Work to be completed> Only the text should come through, so restate the listing exactly and drop its images.

────────

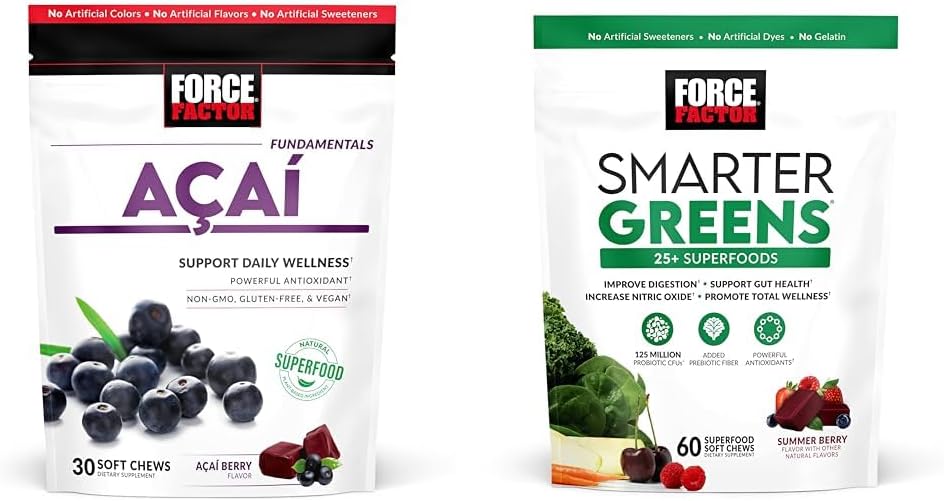 Force Factor Acai Soft Chews Immununterstützung und Smarter Greens Superfood Chews Digestion Support Bundle, 30 und 60 Count
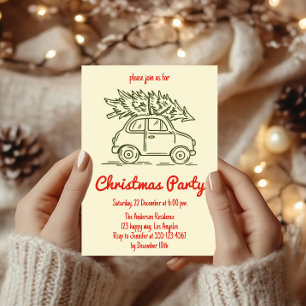 Weihnachtsfeier-Einladung im Vintage-Auto-Stil Einladung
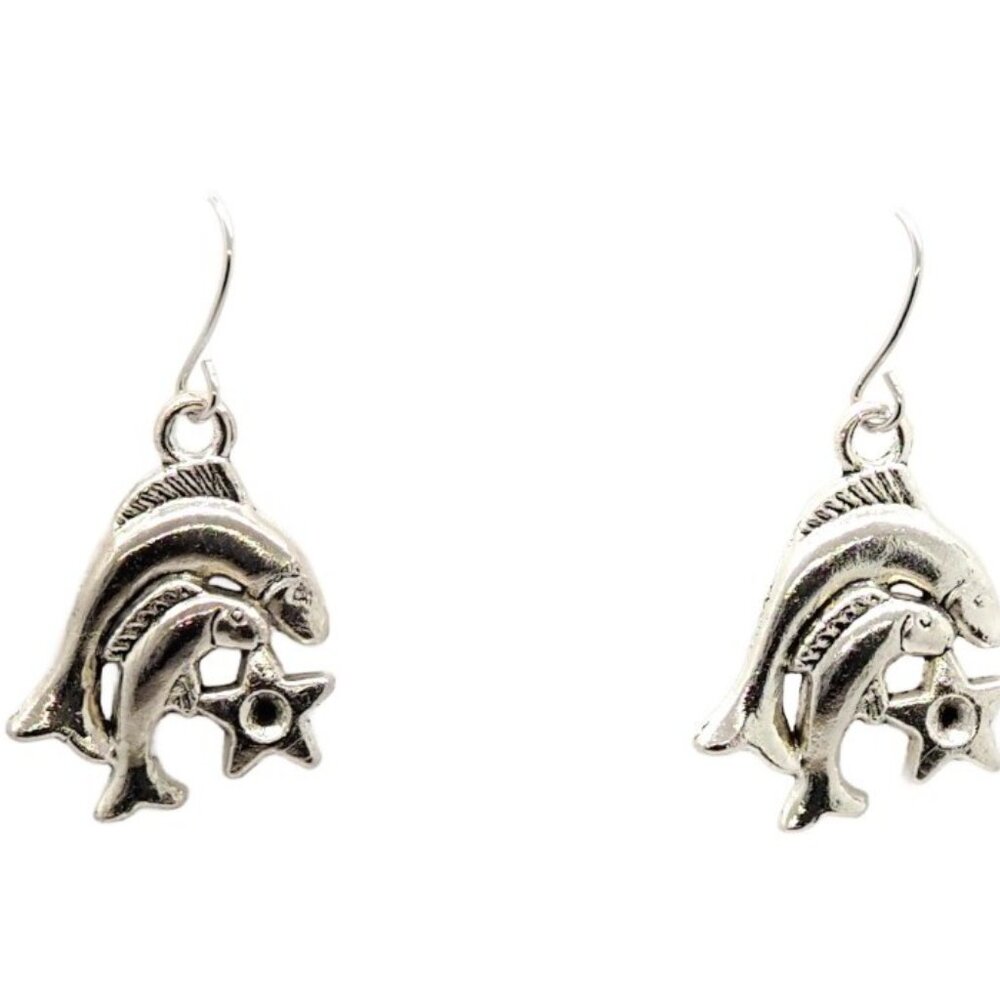Silver Star Pisces Earrings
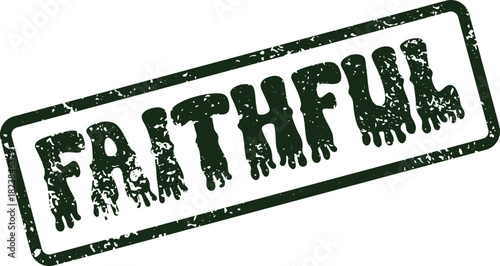 Grungy Faithful word stamp with distressed texture and dark green border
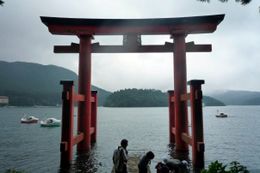 Photo of Hakone Shrine Shinto Gates in Lake Ashi, looking out at the gorgeous lake, Hwee Khim C - August 2009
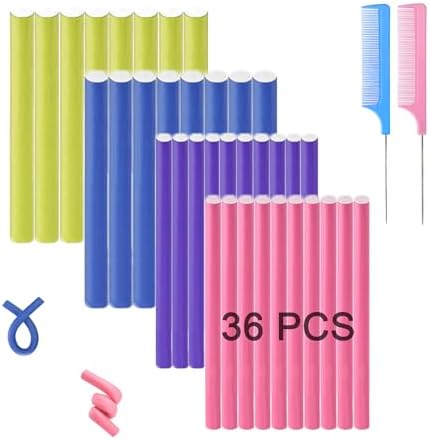 36Pcs Flexible Hair Rollers and Curlers Set - 7" 0.63" & 0.47" Bendable Soft Foam Rods for Heatless Curling Short & Long Hair by Beyoslf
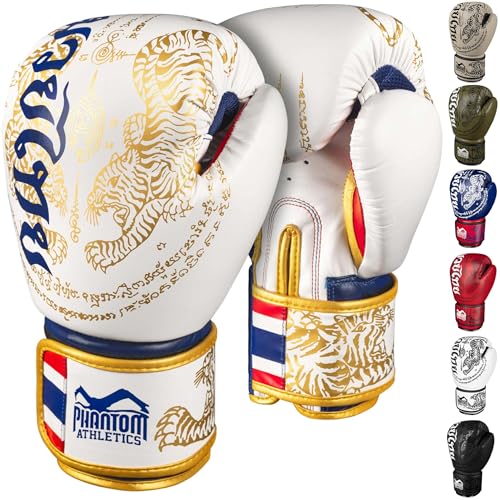 Phantom Athletics Boxhandschuhe Männer - Muay Thai | MMA und Kickbox | 10-16oz Boxing Gloves für Kampfsport | Box Handschuhe Herren, Damen und Kinder (Limited Edition - Weiß/Gold, 14 Oz)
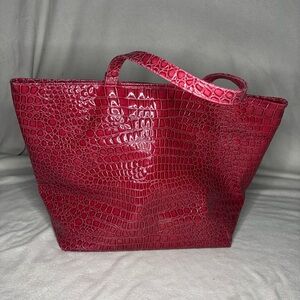 XL Stylish Red Croc-Embossed Bath and Body works Tote Bag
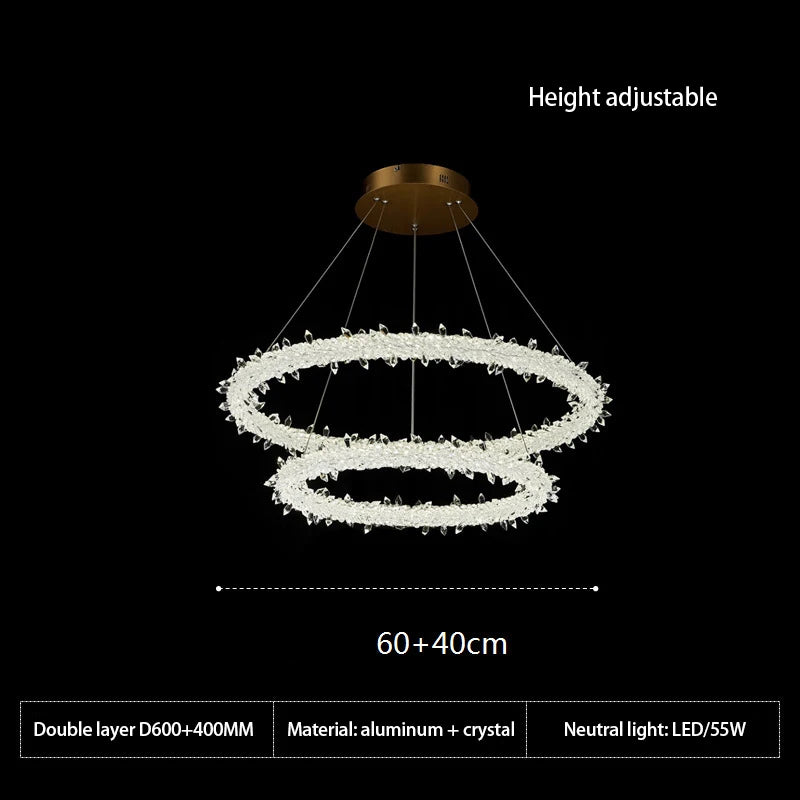 suspension lumineuse moderne cristaux blanc translucide chaînes suspendues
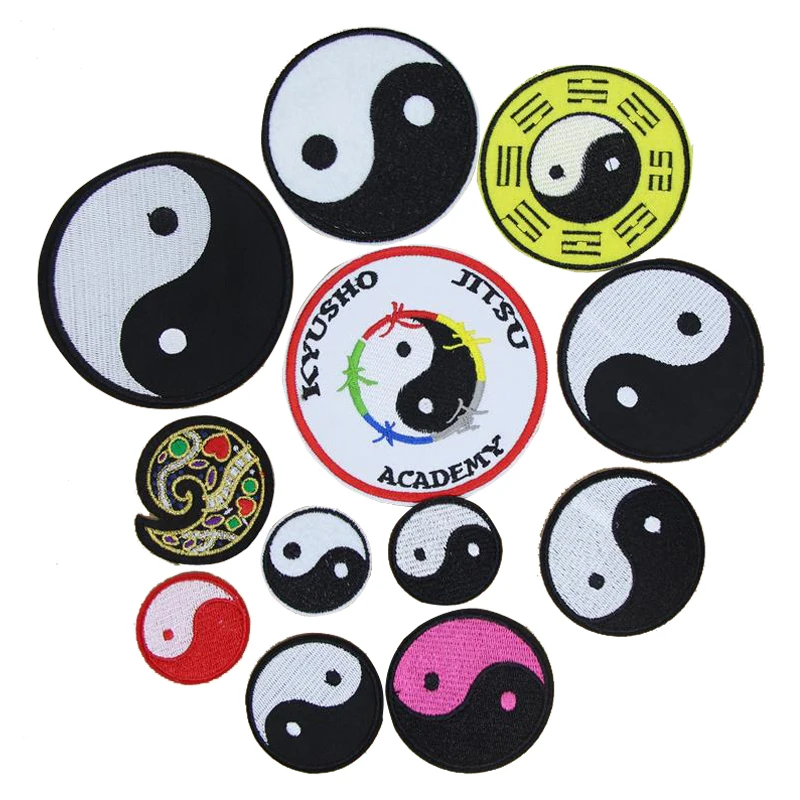 1 pcs Tai Chi character embroidered iron on patches cloth accessories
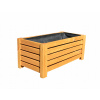 Kvetináč WickerWorks 60 cm x 33 x 25 cm drevené odtiene hnedej a béžovej, viacfarebné (DREVENÝ ZÁHRADNÝ KVETINÁČ na terasu SVETLOHNEDÝ BOX 60x33x25 cm)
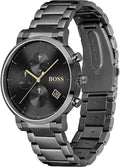 Hugo Boss Integrity Chronograph Black Dial Black Steel Strap Watch for Men - 1513780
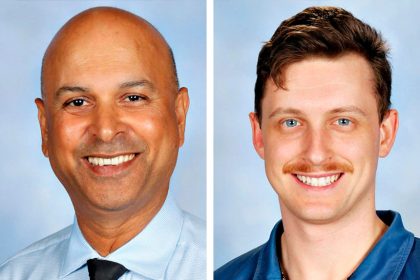 (Left) Srikanth Sogathur – Outstanding Contribution to Teaching. (Right) Callum Simmons – Excellence in Beginning to Teach.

────────

Result of this task>
 Force Factor Acai Soft Chews Immununterstützung und Smarter Greens Superfood Chews Digestion Support Bundle, 30 und 60 Count
 Weihnachtsfeier-Einladung im Vintage-Auto-Stil Einladung
Silver Star Pisces Earrings
 Grungy Faithful word stamp with distressed texture and dark green border
 Photo of Hakone Shrine Shinto Gates in Lake Ashi, looking out at the gorgeous lake, Hwee Khim C - August 2009
 36Pcs Flexible Hair Rollers and Curlers Set - 7" 0.63" & 0.47" Bendable Soft Foam Rods for Heatless Curling Short & Long Hair by Beyoslf
 Phantom Athletics Boxhandschuhe Männer - Muay Thai | MMA und Kickbox | 10-16oz Boxing Gloves für Kampfsport | Box Handschuhe Herren, Damen und Kinder (Limited Edition - Weiß/Gold, 14 Oz)
 XL Stylish Red Croc-Embossed Bath and Body works Tote Bag
 suspension lumineuse moderne cristaux blanc translucide chaînes suspendues
 1 pcs Tai Chi character embroidered iron on patches cloth accessories
 Kvetináč WickerWorks 60 cm x 33 x 25 cm drevené odtiene hnedej a béžovej, viacfarebné (DREVENÝ ZÁHRADNÝ KVETINÁČ na terasu SVETLOHNEDÝ BOX 60x33x25 cm)
 Hugo Boss Integrity Chronograph Black Dial Black Steel Strap Watch for Men - 1513780
 (Left) Srikanth Sogathur – Outstanding Contribution to Teaching. (Right) Callum Simmons – Excellence in Beginning to Teach.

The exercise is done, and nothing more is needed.